Information –
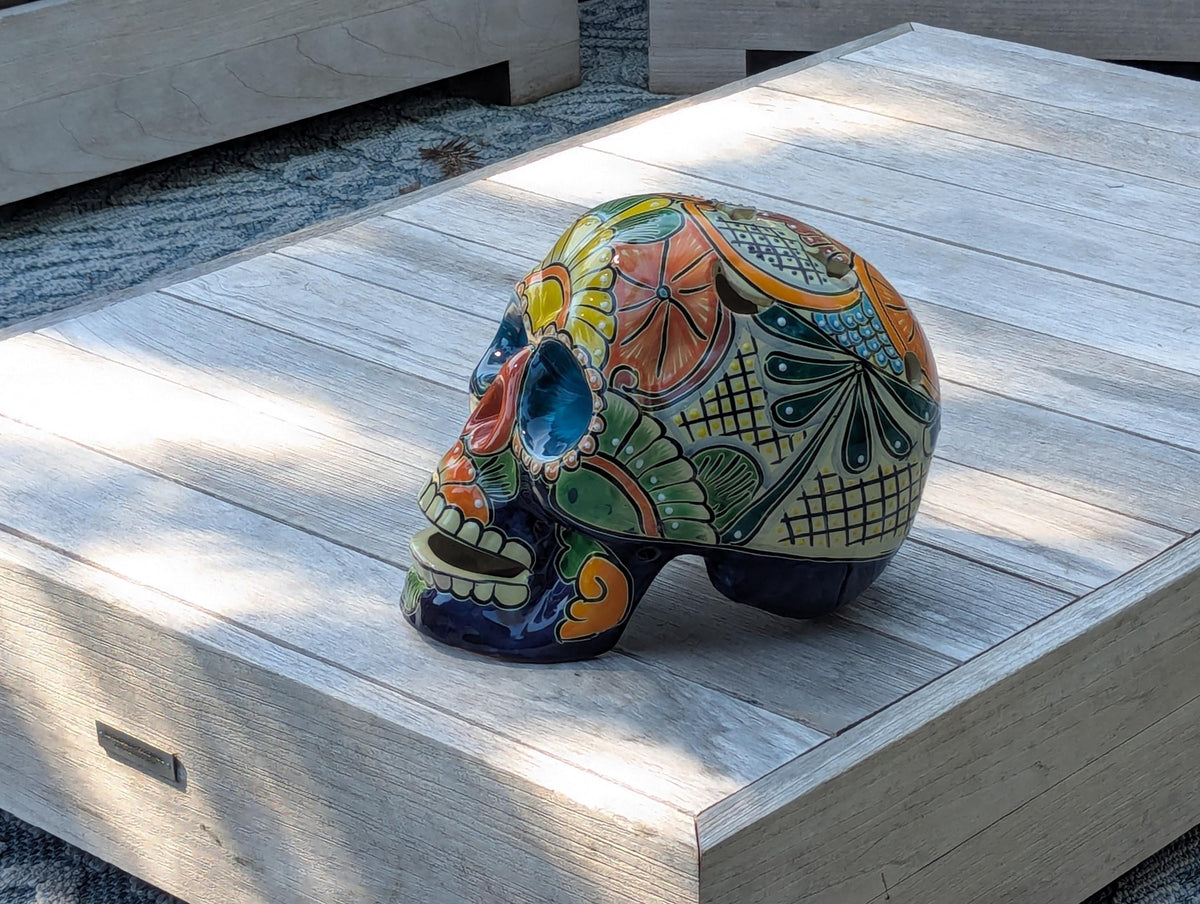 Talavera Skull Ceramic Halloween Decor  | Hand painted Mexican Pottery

--

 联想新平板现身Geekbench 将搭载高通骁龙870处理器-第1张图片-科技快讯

* * *

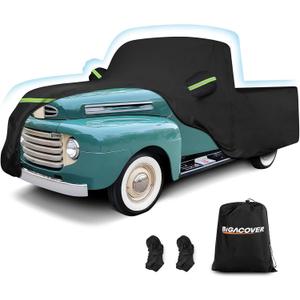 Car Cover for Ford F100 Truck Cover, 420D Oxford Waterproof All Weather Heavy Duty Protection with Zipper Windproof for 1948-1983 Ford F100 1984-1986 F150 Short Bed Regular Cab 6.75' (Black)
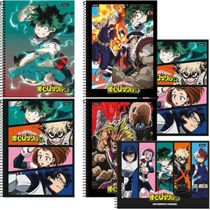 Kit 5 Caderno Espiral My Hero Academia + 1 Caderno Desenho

What you have to do –
Range to print from the listing above: from the line with "Car Cover for" up to and including the line with "Kit 5 Caderno". Please print those lines exactly, with no pictures and nothing more.

Reply –
 Car Cover for Ford F100 Truck Cover, 420D Oxford Waterproof All Weather Heavy Duty Protection with Zipper Windproof for 1948-1983 Ford F100 1984-1986 F150 Short Bed Regular Cab 6.75' (Black)
 Kit 5 Caderno Espiral My Hero Academia + 1 Caderno Desenho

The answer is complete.